UCLA

Dishevelled (Dvl) is a key intracellular signaling molecule that mediates the activation of divergent Wnt pathways. It contains three highly conserved domains known as DIX, PDZ, and DEP, the functions of which have been well characterized in β-catenin-dependent canonical and β-catenin-independent noncanonical Wnt signaling. The C-terminal region is also highly conserved from invertebrates to vertebrates. However, its function in regulating the activation of different Wnt signals remains unclear. We reported previously that Dvl conformational change triggered by the highly conserved PDZ-binding C terminus is important for the pathway specificity. Here we provide further evidence demonstrating that binding of the C terminus to the PDZ domain results in Dvl autoinhibition in the Wnt signaling pathways.
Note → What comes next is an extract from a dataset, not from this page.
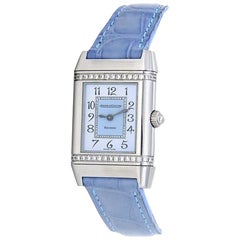 Jaeger-LeCoultre Reverso 265.8.08, Blue Dial, Certified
Therefore, the forced binding of the C terminus to the PDZ domain reduces the activity of Dvl in noncanonical Wnt signaling, whereas obstruction of this interaction releases Dvl autoinhibition, impairs its functional interaction with LRP6 in canonical Wnt signaling, and increases its specificity in noncanonical Wnt signaling, which is closely correlated with an enhanced Dvl membrane localization. Our findings highlight the importance of the C terminus in keeping Dvl in an appropriate autoinhibited state, accessible for regulation by other partners to switch pathway specificity. Particularly, the C-terminally tagged Dvl fusion proteins that have been widely used to study the function and cellular localization of Dvl may not truly represent the wild-type Dvl because those proteins cannot be autoinhibited.